═══ SUPPLIED MATERIAL ═══

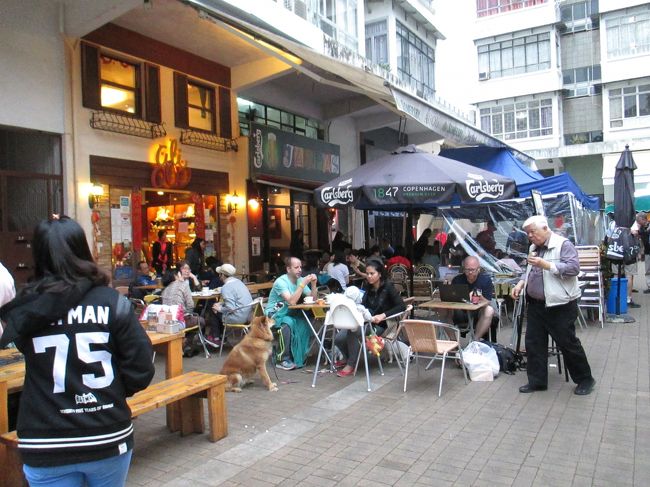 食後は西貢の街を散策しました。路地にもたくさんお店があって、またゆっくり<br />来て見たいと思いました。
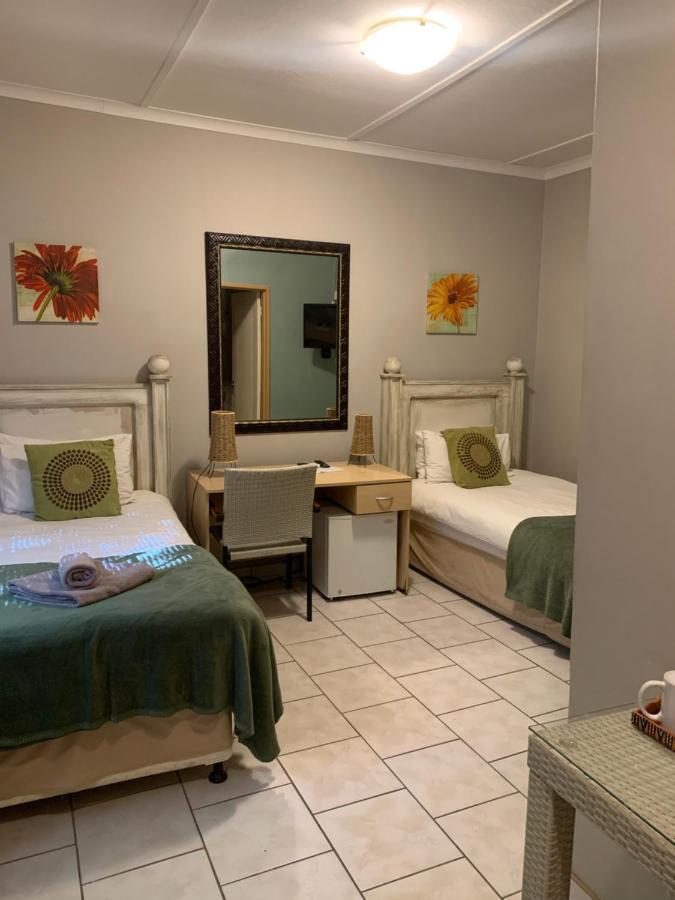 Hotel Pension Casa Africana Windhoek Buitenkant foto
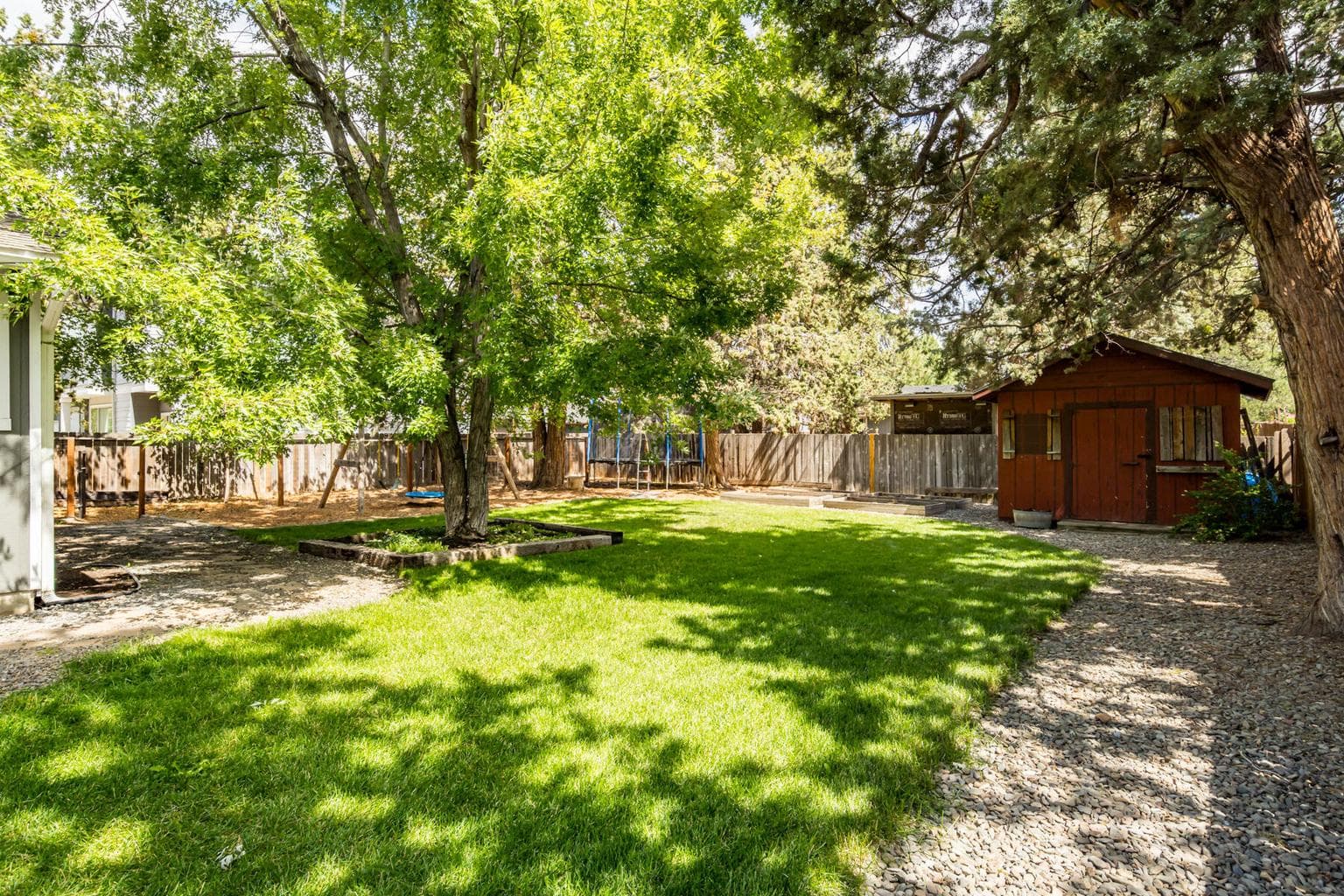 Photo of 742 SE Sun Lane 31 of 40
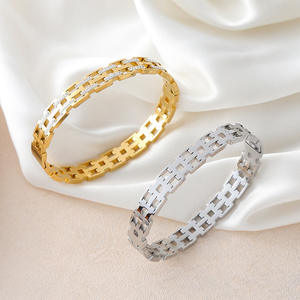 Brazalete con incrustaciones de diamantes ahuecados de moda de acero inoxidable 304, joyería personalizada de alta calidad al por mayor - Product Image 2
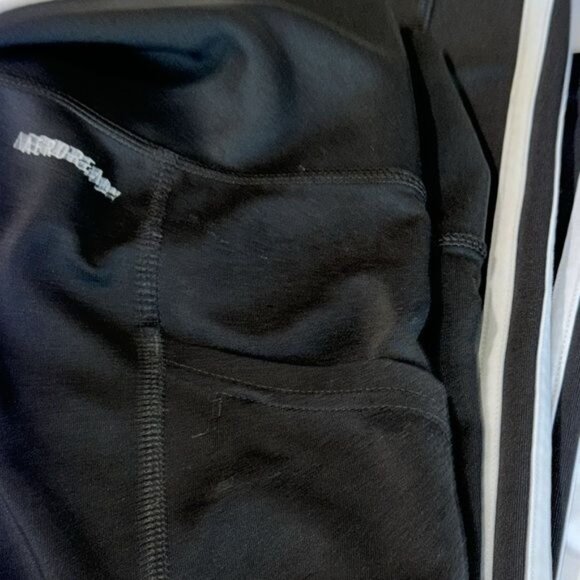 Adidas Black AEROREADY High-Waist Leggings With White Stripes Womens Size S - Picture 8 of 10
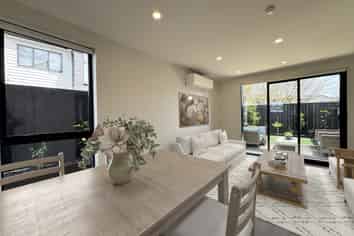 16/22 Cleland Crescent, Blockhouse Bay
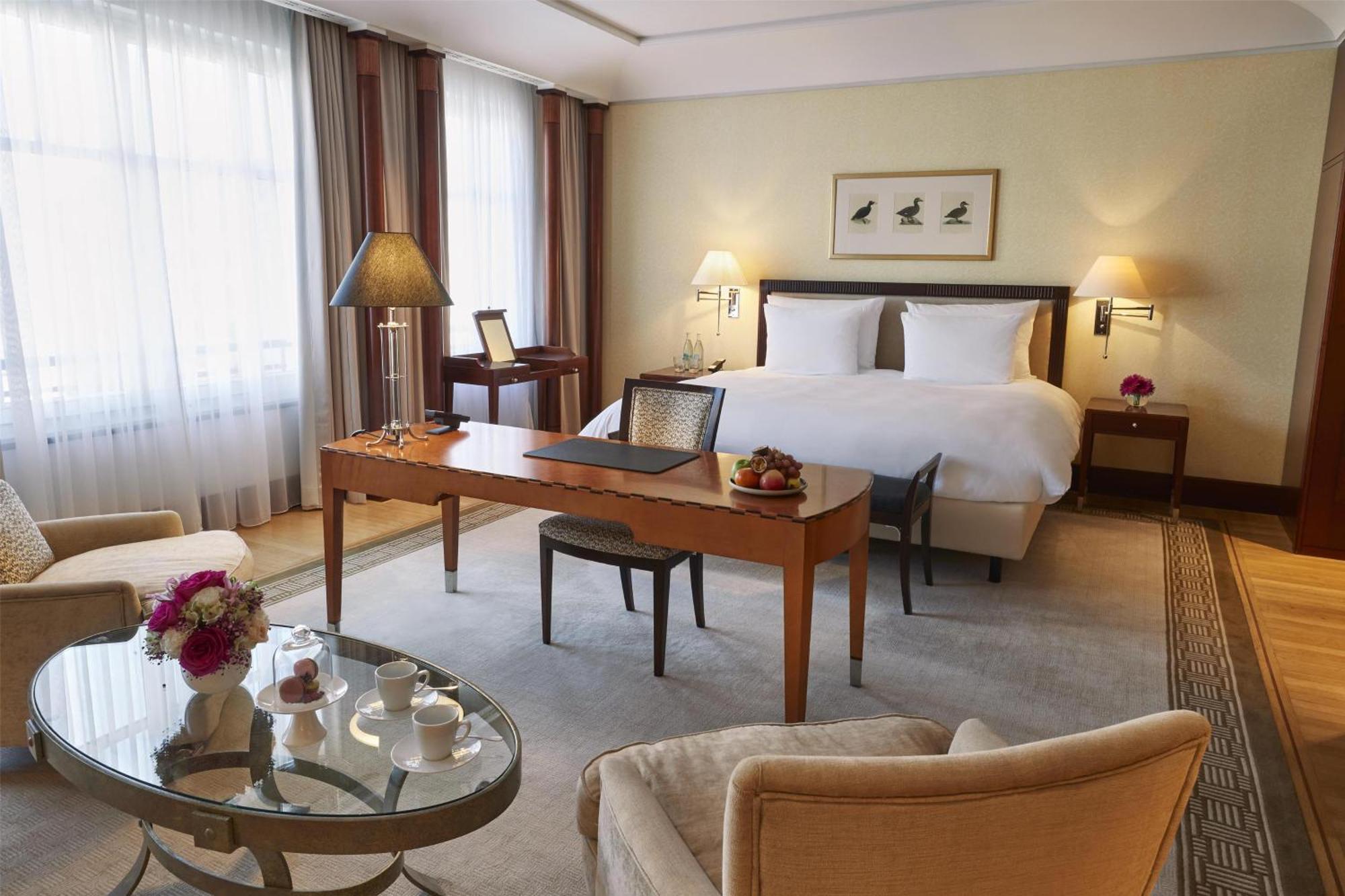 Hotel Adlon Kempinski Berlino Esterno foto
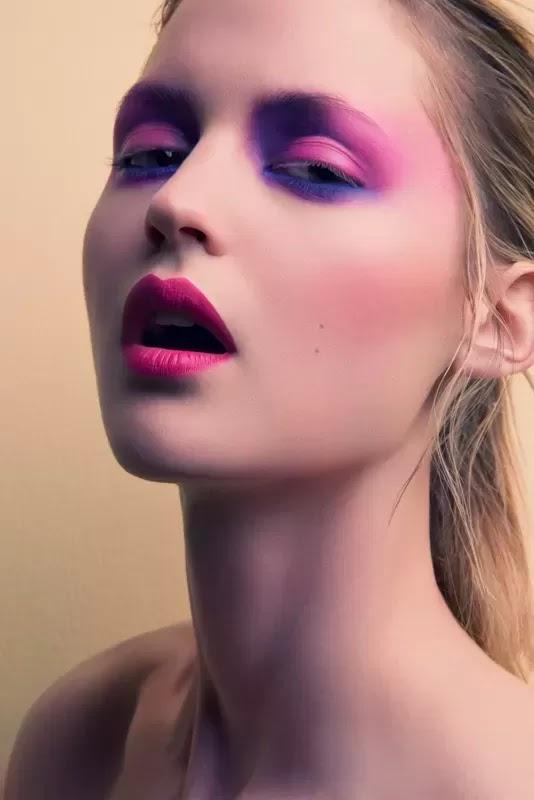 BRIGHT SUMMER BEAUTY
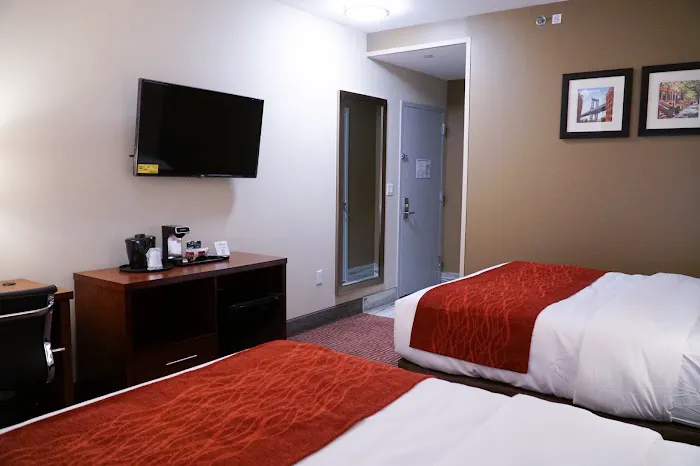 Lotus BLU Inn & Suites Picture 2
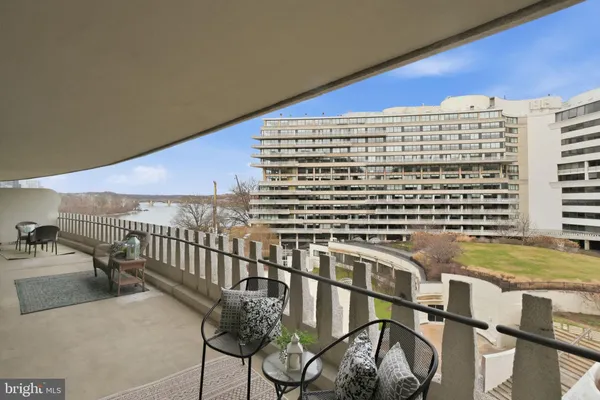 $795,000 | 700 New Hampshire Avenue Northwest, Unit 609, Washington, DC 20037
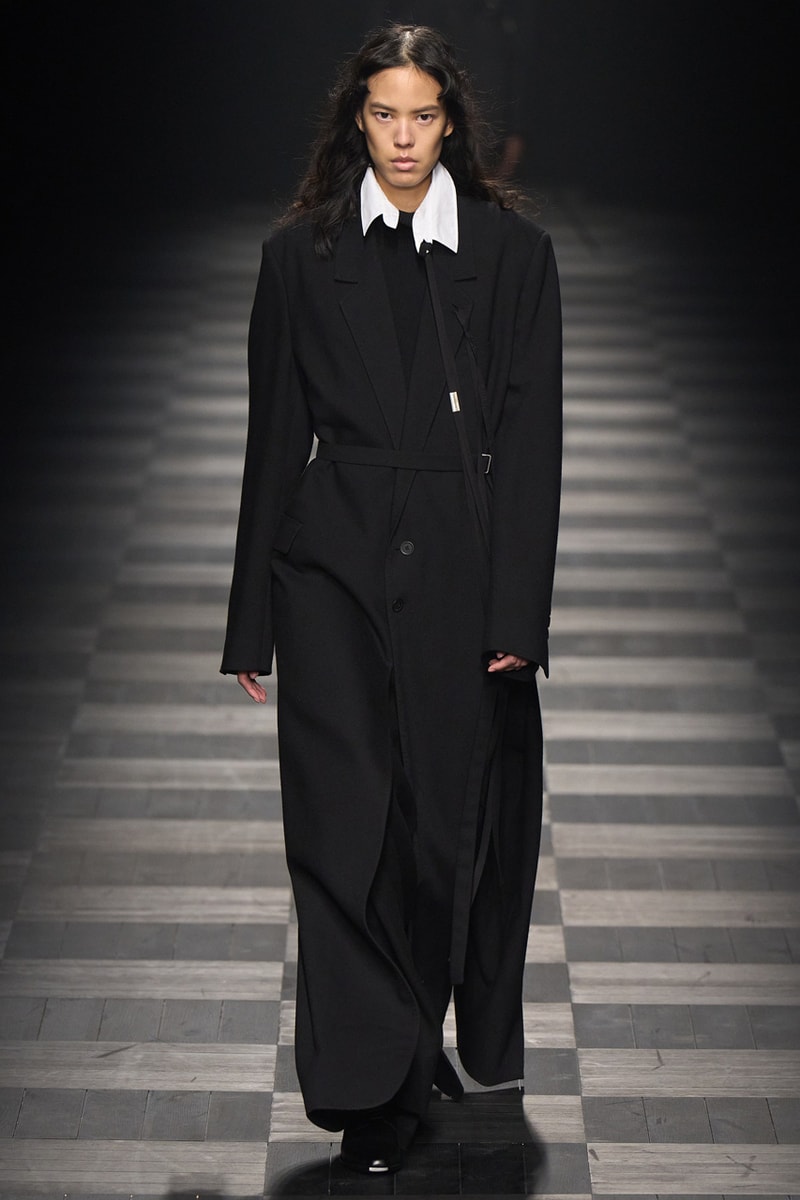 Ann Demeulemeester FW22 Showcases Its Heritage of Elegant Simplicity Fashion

═══

§ **EXERCISE BRIEF**: If a picture appears among the records, leave it out, and otherwise reproduce exactly every line from the first line through the one with "Brazalete con incrustaciones", both included.

§ **ANSWER SECTION**:
 食後は西貢の街を散策しました。路地にもたくさんお店があって、またゆっくり<br />来て見たいと思いました。
 Hotel Pension Casa Africana Windhoek Buitenkant foto
 Photo of 742 SE Sun Lane 31 of 40
 Brazalete con incrustaciones de diamantes ahuecados de moda de acero inoxidable 304, joyería personalizada de alta calidad al por mayor - Product Image 2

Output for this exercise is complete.